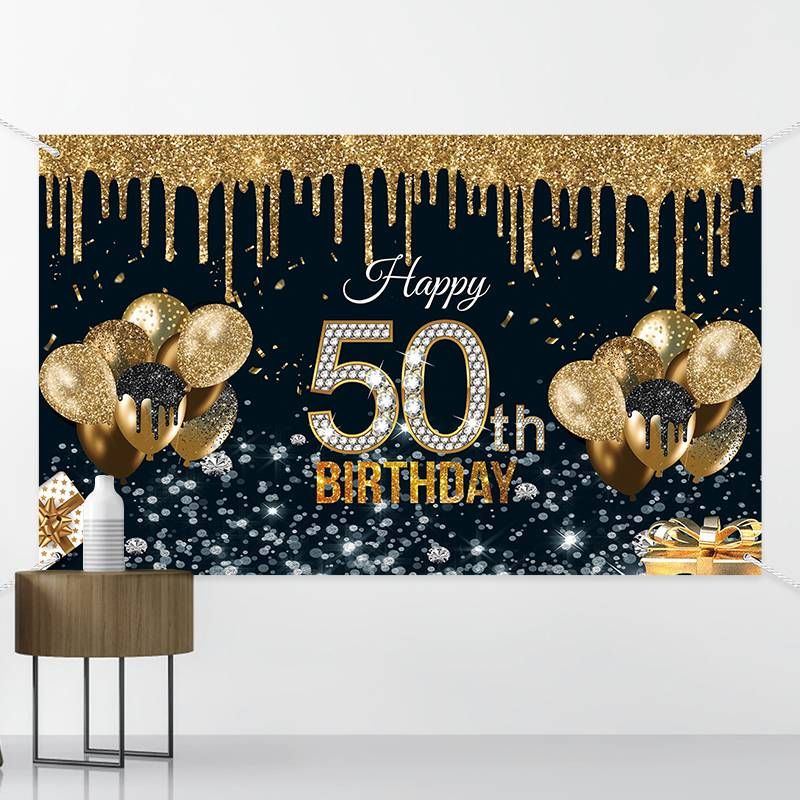 50-year-old Black Gold Birthday Background Fabric Birthday Banner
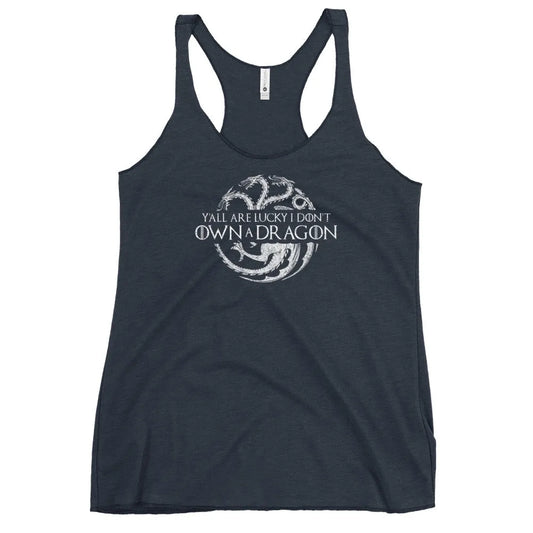 Y’all Are Lucky I Don’t Own A Dragon Women’s Racerbacl Tank Top, Rebel Girl Rampage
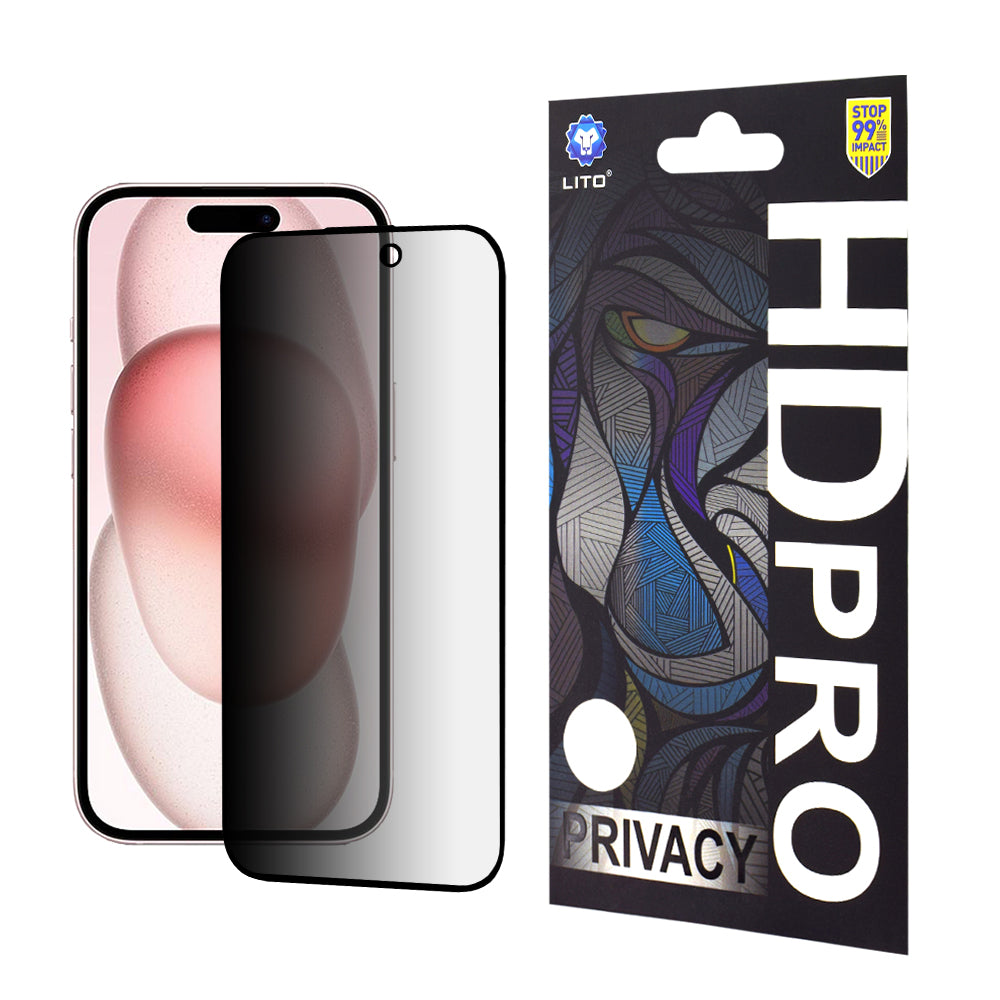Pellicola protettiva per schermo Privacy Lito HD Pro per Apple iPhone 15, Vetro temperato, Full Glue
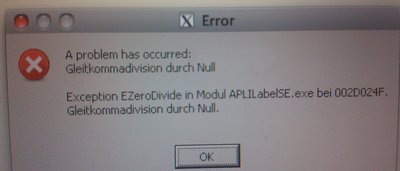 Error message on screen when TIF images were inserted.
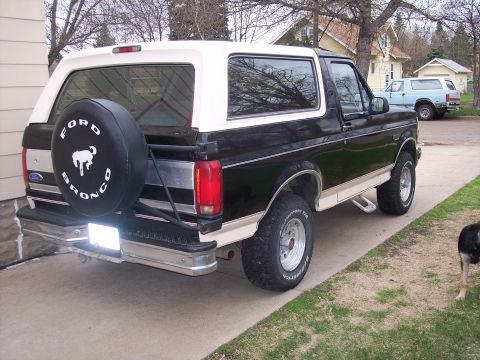 1992 Ford Bronco - A black and tan 1992 Ford Bronco is parked on a driveway, with another light blue SUV in the background.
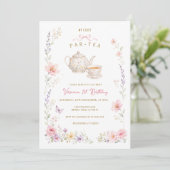 Mijn eerste Par-Tea-verjaardag wilde bloem Kaart (Staand voorkant)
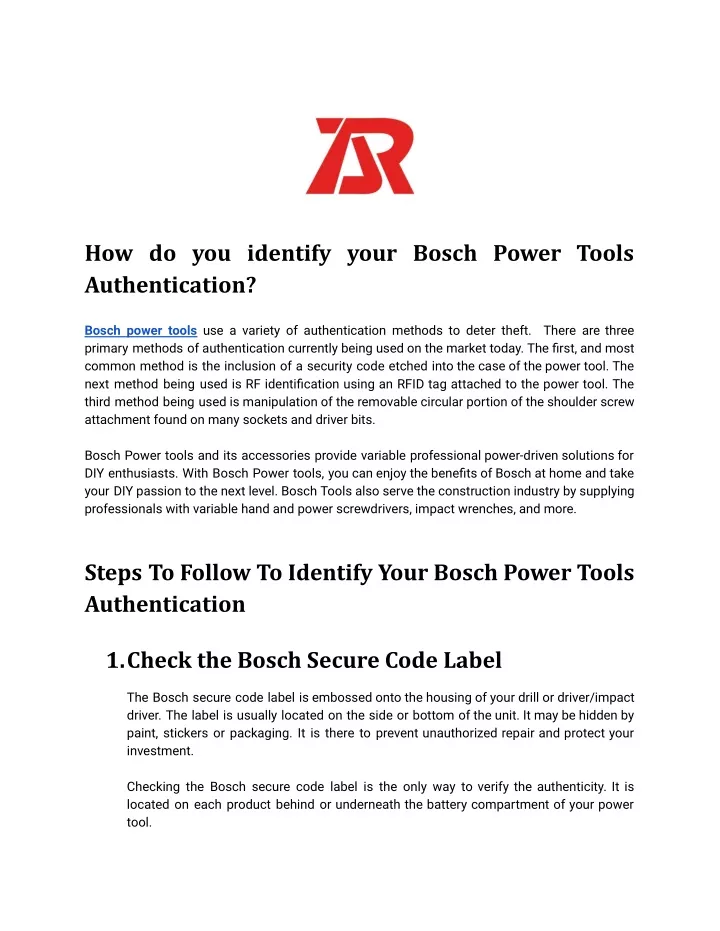 how do you identify your bosch power tools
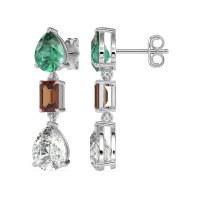 Pear & Emerald Cut Dangle Earrings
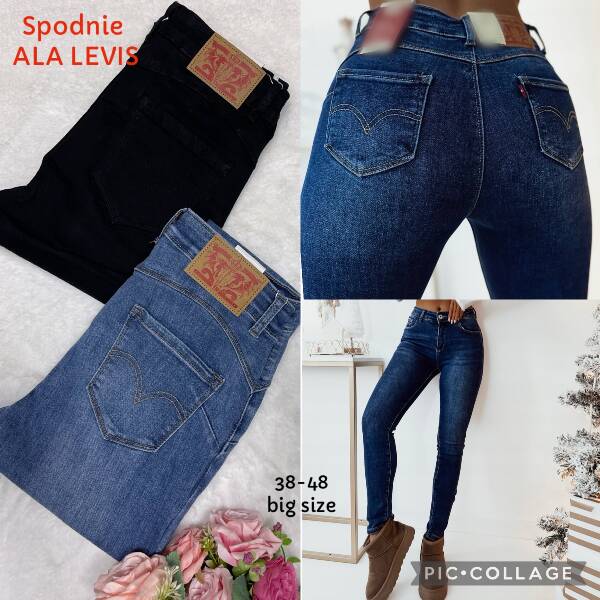 Spodnie damskie jeansy Roz 38-48, 1 Kolor Paczka 10 szt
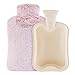 Hpory Bouillotte Eau Chaude, 2L Bouillotte Eau Chaude Peluche avec Doublure en Peluche, Soulager la Douleur, Bouillotte avec Housse en Peluche Cadeaux Chaleureux pour lhiver (Rose Blanc)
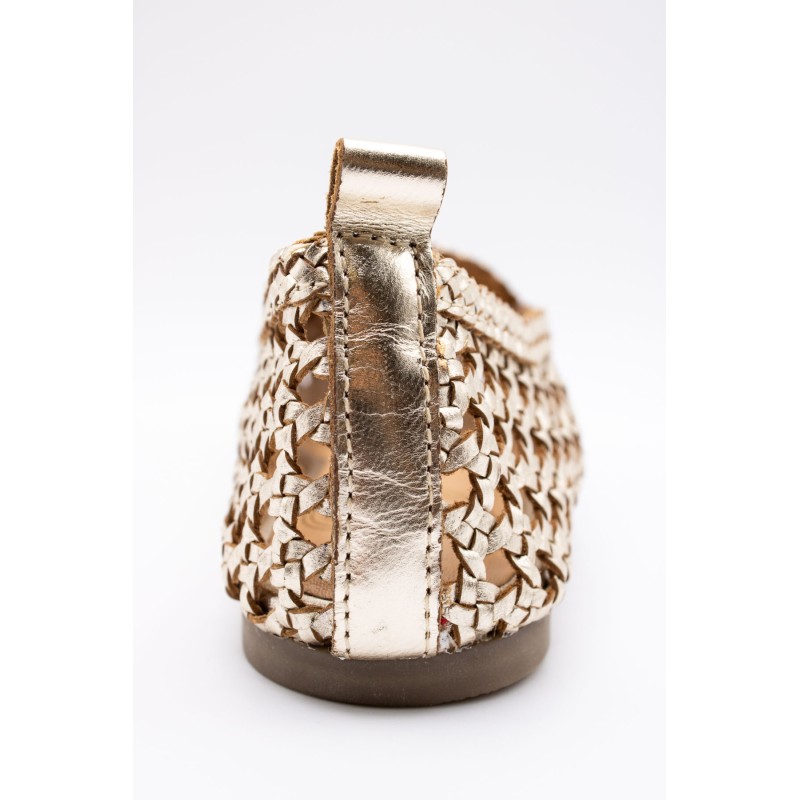 Mocassin CHR3203 Doré Femme Cuir Tressé l'Atelier Tropézien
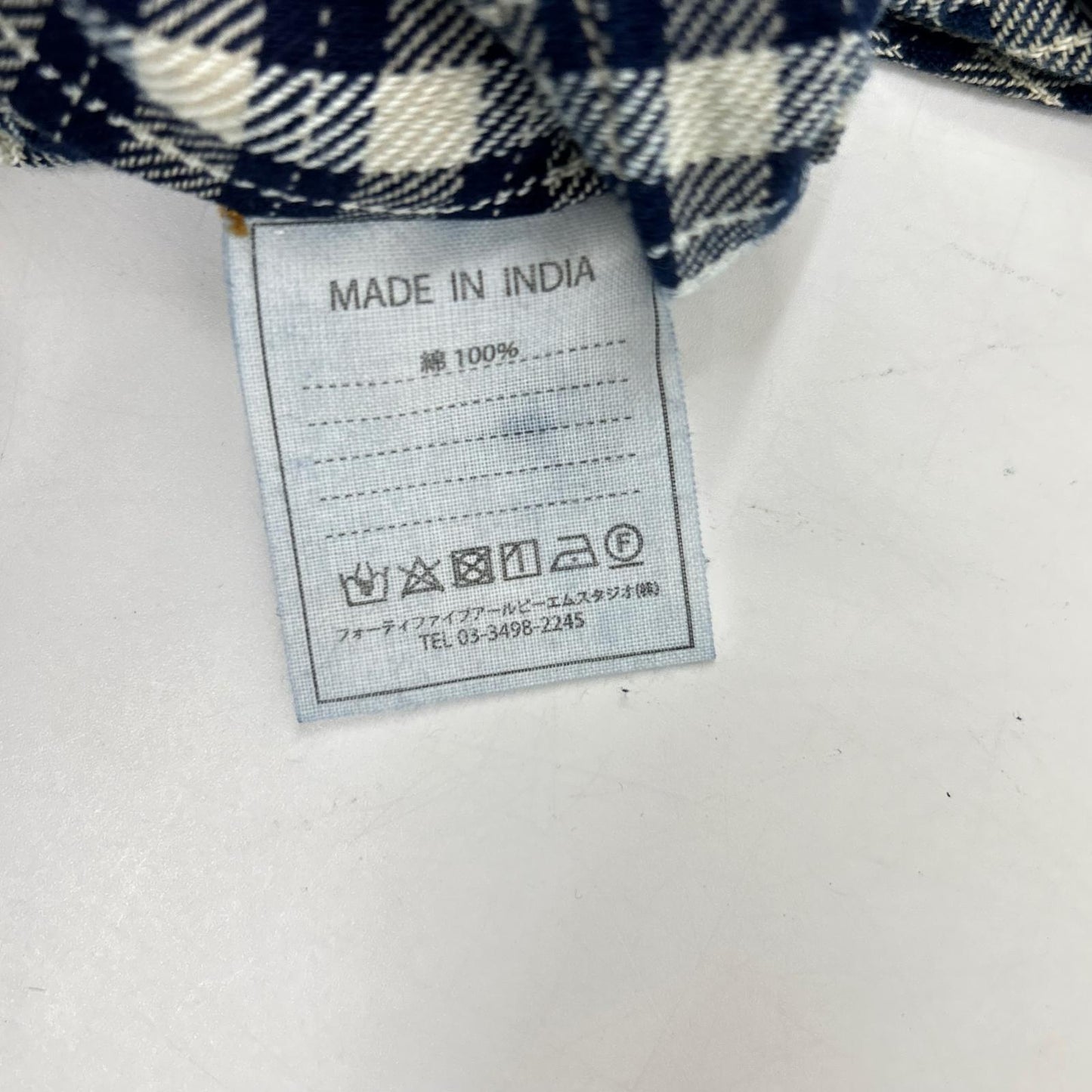 45R フォーティファイブ アール 7085034 ネイビー×ホワイト コットン 藍インドネルチェック ワンピース ワンピース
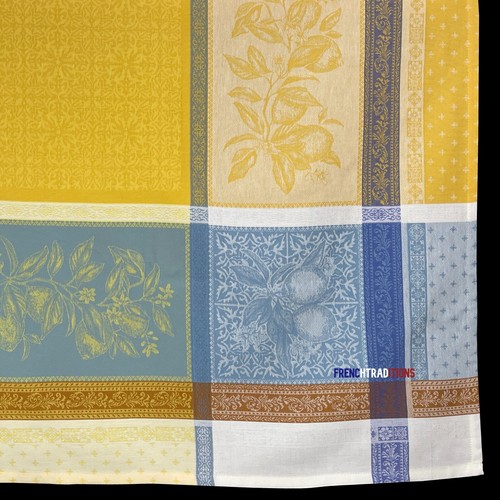 French Jacquard Tablecloth Lemons, Geometric, Stripes 63 X 63 Made in France - Picture 7 of 8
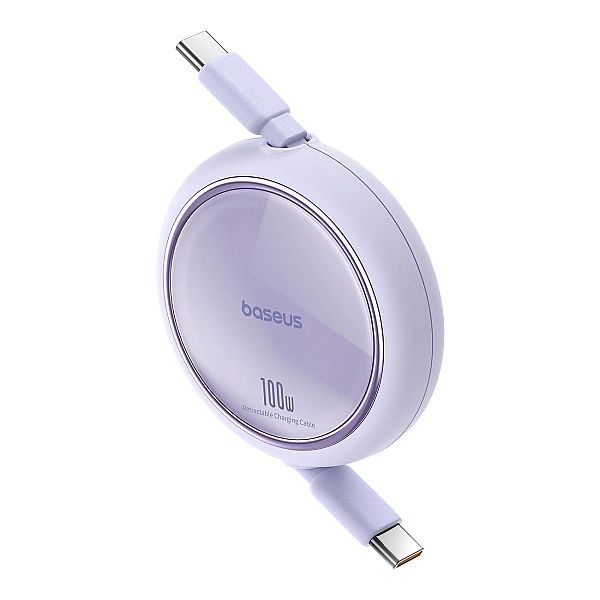 Kabel wysuwany Baseus Free2Draw Mini Usb-c - Usb-c 100w 1m - fioletowy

▸ Problem details: The response should hold only an exact retyping of the lines from the beginning of the data through the line containing "Pellicola protettiva per", both ends kept, pictures omitted.

▸ Answer to the problem:
 50-year-old Black Gold Birthday Background Fabric Birthday Banner
 Y’all Are Lucky I Don’t Own A Dragon Women’s Racerbacl Tank Top, Rebel Girl Rampage
Pellicola protettiva per schermo Privacy Lito HD Pro per Apple iPhone 15, Vetro temperato, Full Glue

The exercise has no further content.